Even these studies, however, do not necessarily delve as deeply into the topic of optimal storage temperature as they could have. If you are interested to learn more about optimal storage temperature, click here to view our Biobank Storage Temperatures InfoPoster (shown below). An example is for "cryogenic" temperatures. The term can describe a whole range of temperatures, generally between -135⁰C to -196⁰C: what exact temperature within that range is best for your product or samples? Any of the “typical” storage temperatures are just points on a band, with “ambient” describing 15⁰C to 30⁰C, and ultra-low temperatures include -70⁰C to -86⁰C. How thoroughly have you tested the stability of your target biomarkers within the upper and lower limits of the potential range?
For all that can be said regarding this subject, it is always paramount to quantify to the extent possible the characteristics of a target analyte, and to investigate the optimal conditions for maintaining sample integrity before proceeding with further biomarker research and risking spurious results.
1) Jansen, E.H. et. al. (2012) ‘Long-term (in)stability of folate and vitamin B12 in human serum’, Clinical Chemistry and Laboratory Medicine, 50 (10), pp. 1761-1763.

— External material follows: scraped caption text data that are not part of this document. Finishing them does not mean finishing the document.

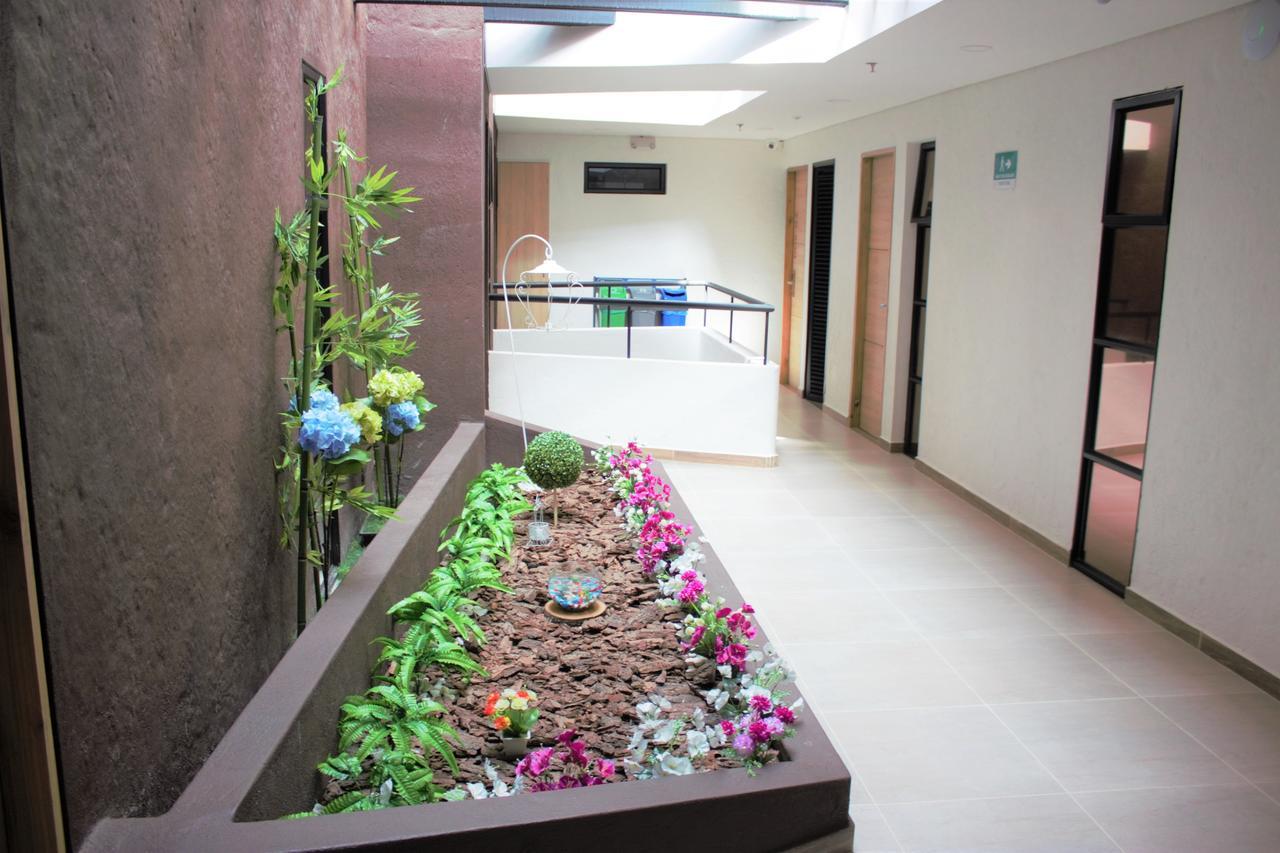 Hotel Med 70 Medellín Buitenkant foto
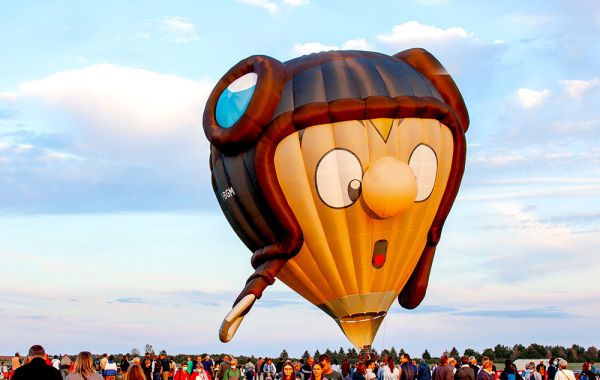 Juli 2021 — Heißluftballon-Festival bei Metz, Frankreich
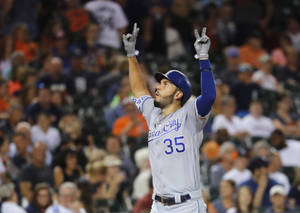 Eric Hosmer V Sign Fingers Wallpaper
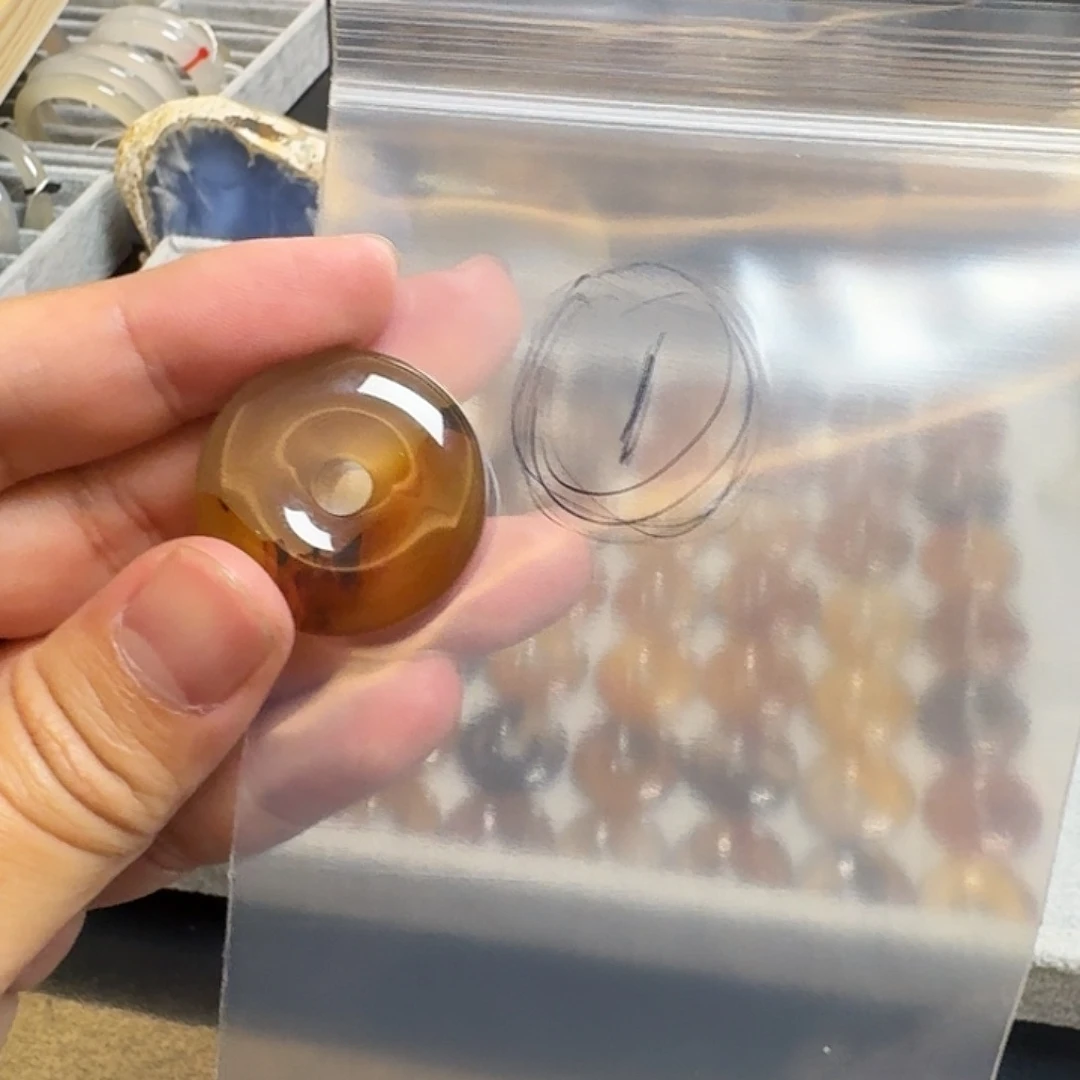 玛瑙/玉髓未镶嵌珠宝半成品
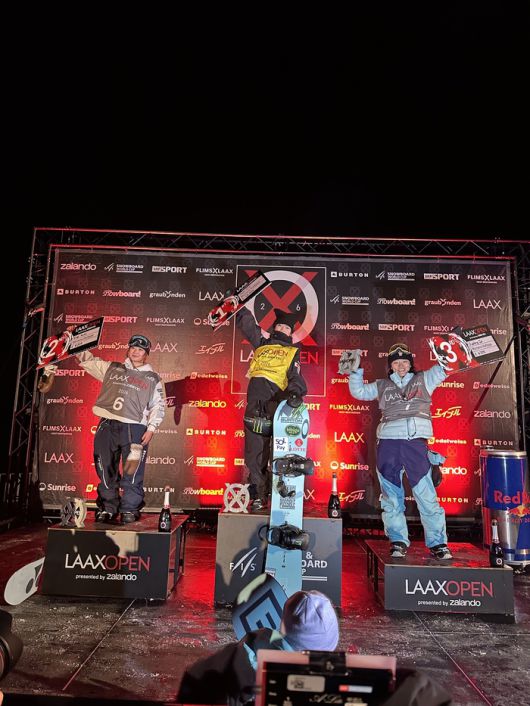 최가온이 스위스 락스에서 열린  2025-2026 FIS 스노보드 월드컵 여자 하프파이프 결선에서 우승을 차지했다. 사진 | 올댓스포츠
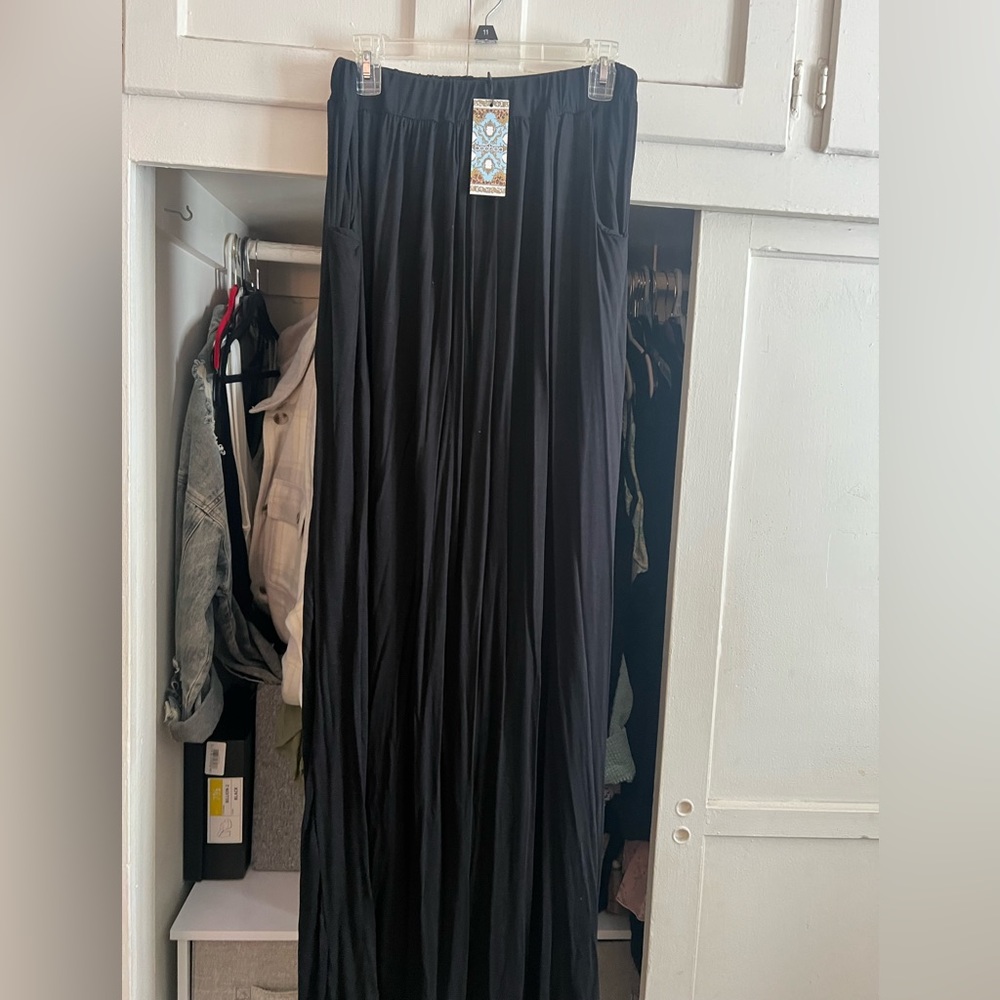 Boohoo long maxi skirt/ plus size/ new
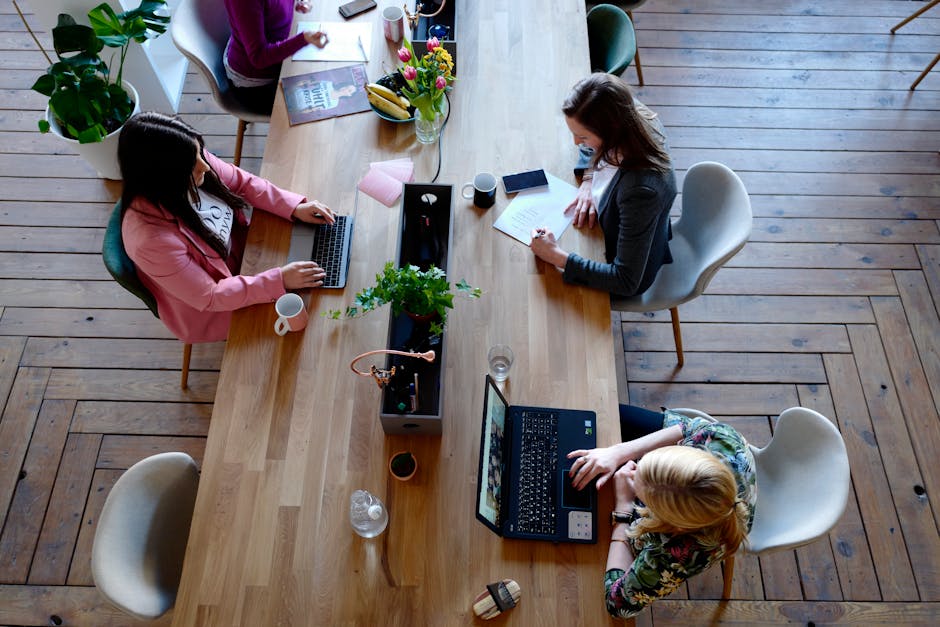 Arrendatarios disfrutando de un espacio de coworking en un complejo de apartamentos moderno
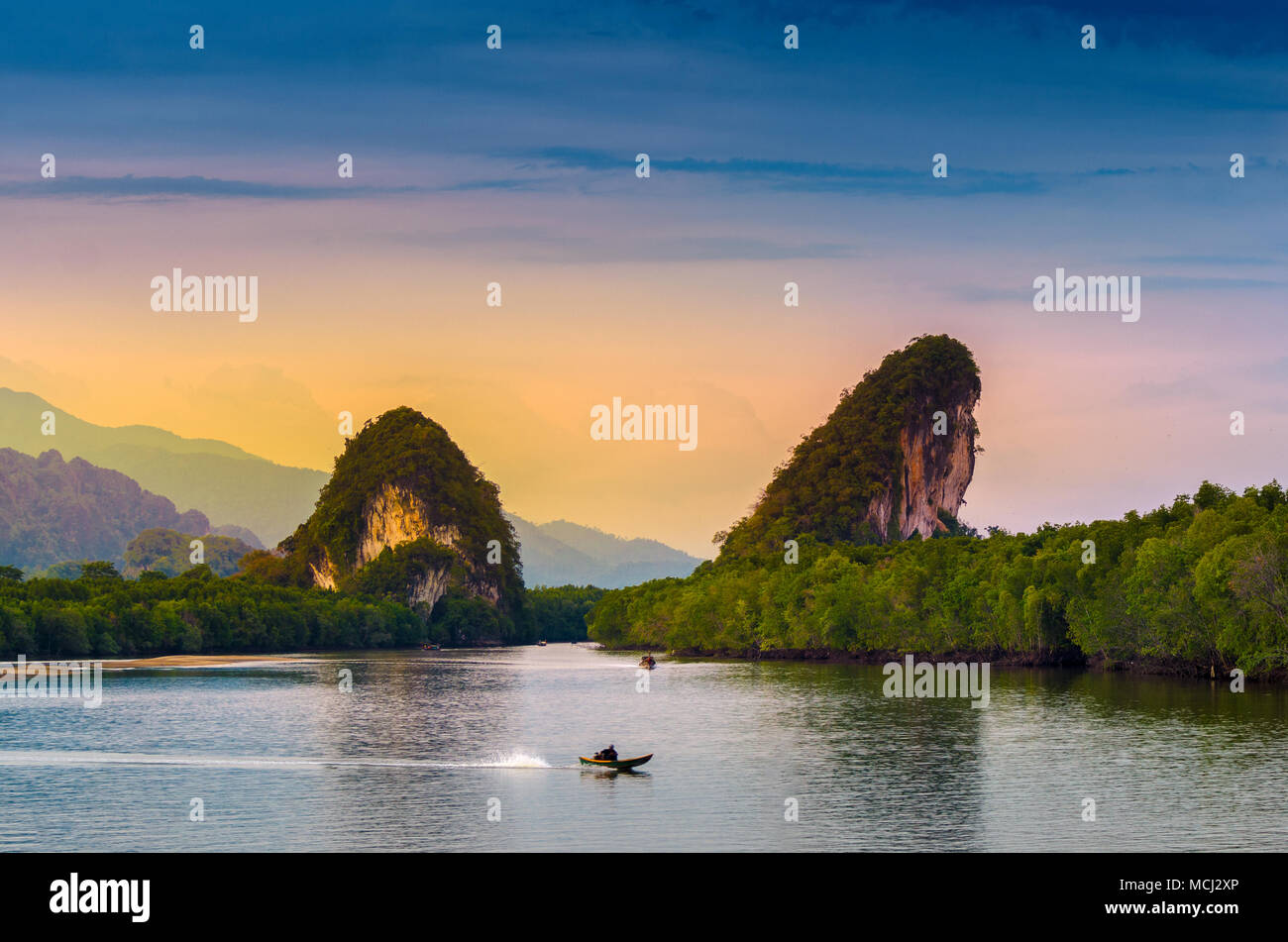 Khao kha nab nam à Krabi en Thaïlande. La célèbre attraction touristique dans le sud de la Thaïlande. Montagnes jumelles ont d'eau par le milieu de la evenin Banque D'Images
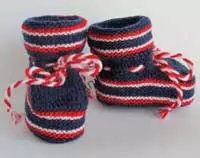 Knitzend Booties fir Neigidder. Wéi geet et op Stiwwelen?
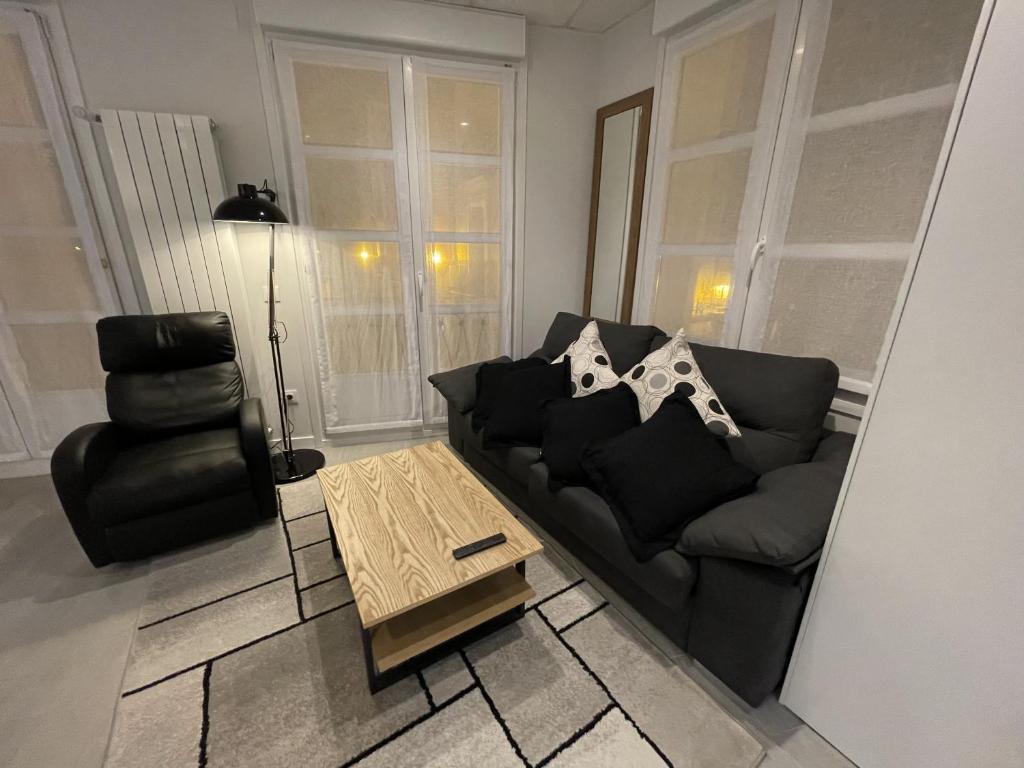 Plaza Centro Mercado - 2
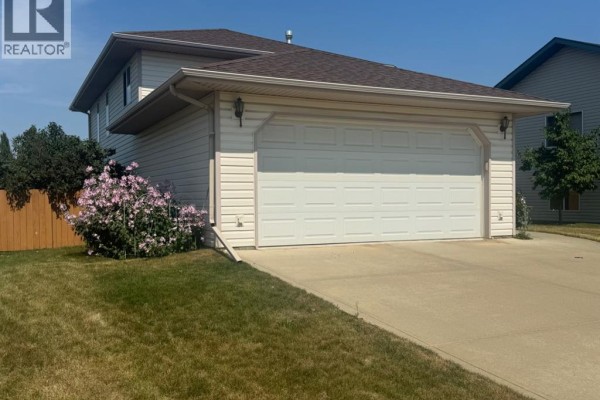 4pc Bathroom - 114 Sunridge Avenue, Blackfalds, AB T0M0J0 Photo 2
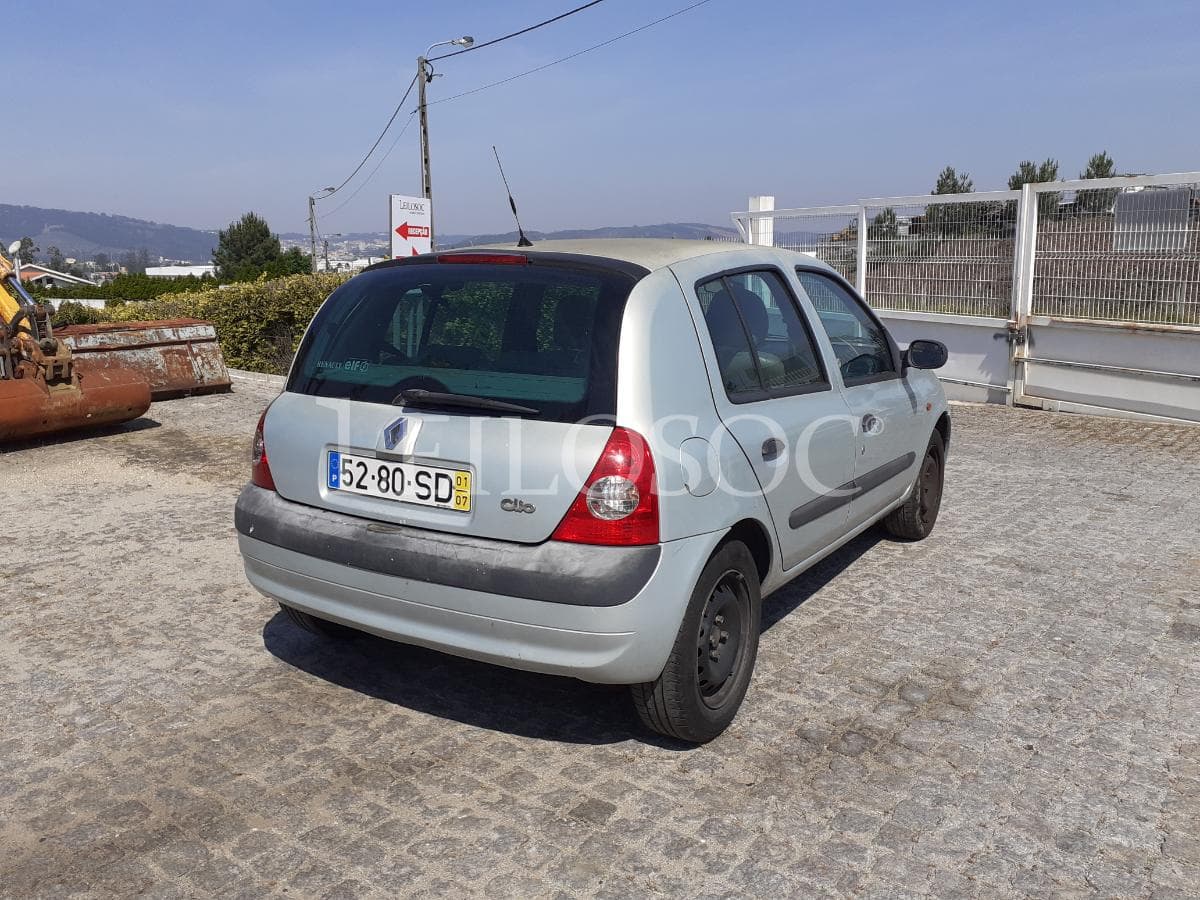 Renault Clio · Ano 2001 — imagem 6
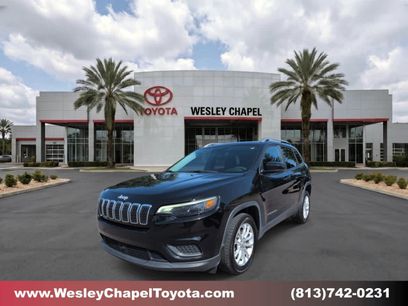 Used 2021 Jeep Cherokee Latitude w/ Mopar Interior Package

2) Jansen, E.H. Beekhof, P.K. & Schenk, E. (2013) ‘Long-term stability of biomarkers of the iron status in human serum and plasma’, Biomarkers, 18 (4), pp. 365-368.
3) Baleriola, C. et. al. (2011) ‘Stability of hepatitis C virus, HIV, and heptatis B virus nucleic acids in plasma samples after long-term storage at -20⁰C and -70⁰C’, Journal of Clinical Microbiology, 49 (9), pp. 3163-3167.
4) Kisand, K. et. al., (2011) ‘Impact of cryopreservation on serum concentration of matrix metalloproteinases (MMP)-7, TIP-1, vascular growth factors (VEGF) and VEGF-R2 in biobank samples’, Clinical Chemistry and Laboratory Medicine, 49 (2), pp. 229-235.